From the line containing "Geo11-02 Planet Earth" down to the final line of the entries below, return each line exactly and drop the pictures.

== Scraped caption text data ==
○ ○ ○

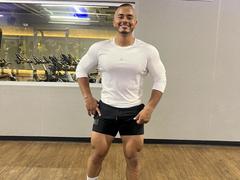 JeronimoHot from xLoveCam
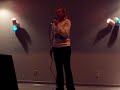 2005 Tricia Singing Independance Day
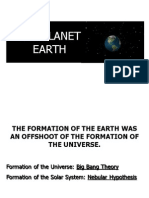 Geo11-02 Planet Earth 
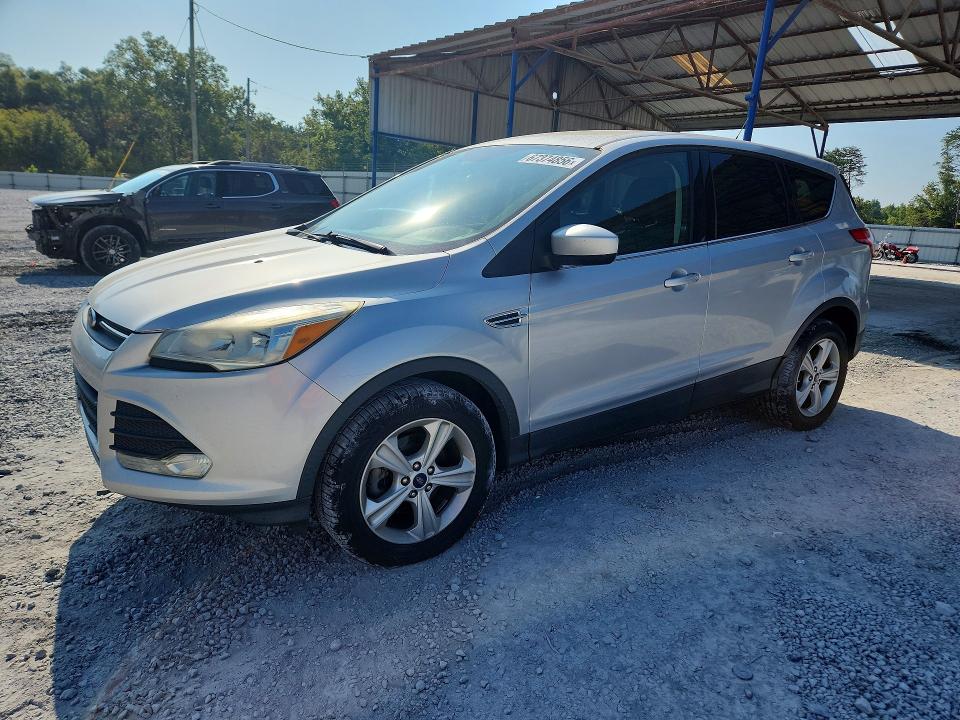 2016 Ford Escape მანქანა იყიდება აუქციონზე, vin: 1FMCU0GX5GUA48919, აუქციონის ნომერი: 67374856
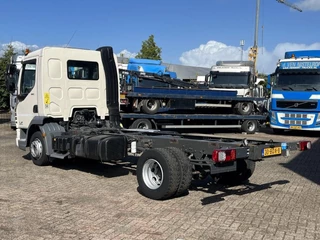 DAF LF 180 FA 2014 - N/A afbeelding 3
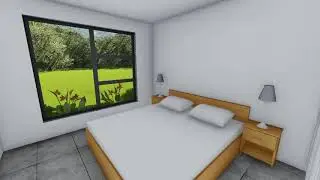 Umdoni Point Lifestyle Village - Unit 3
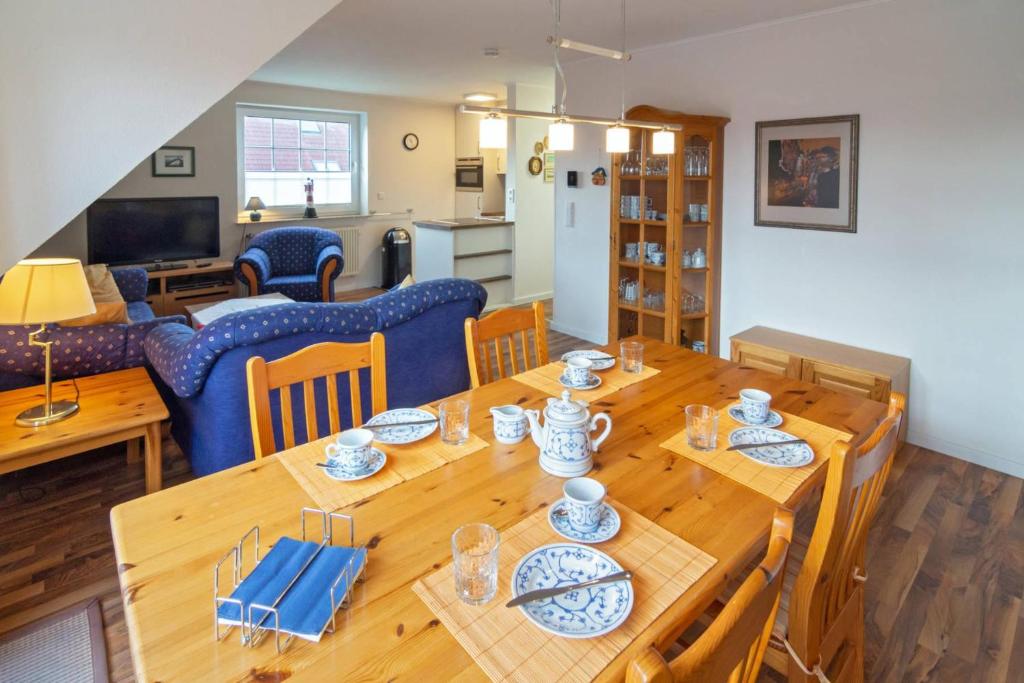 Ferienwohnung Riedefix room 3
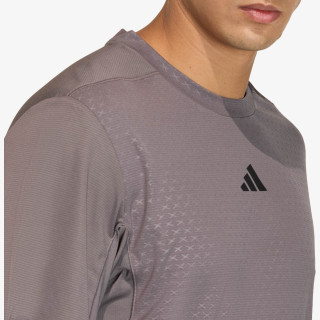 adidas Tricou D4T PrimeLift 3-Stripes 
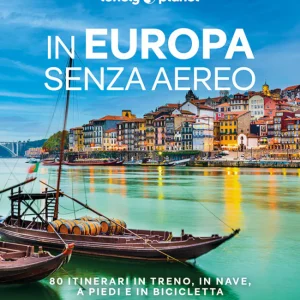 In europa senza aereo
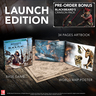 Assassin's Creed Black Flag Resynced Day 1 Edition - PS5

○ ○ ○

== Solution for this problem ==
 Geo11-02 Planet Earth 
 2016 Ford Escape მანქანა იყიდება აუქციონზე, vin: 1FMCU0GX5GUA48919, აუქციონის ნომერი: 67374856
 DAF LF 180 FA 2014 - N/A afbeelding 3
 Umdoni Point Lifestyle Village - Unit 3
 Ferienwohnung Riedefix room 3
 adidas Tricou D4T PrimeLift 3-Stripes 
 In europa senza aereo
 Assassin's Creed Black Flag Resynced Day 1 Edition - PS5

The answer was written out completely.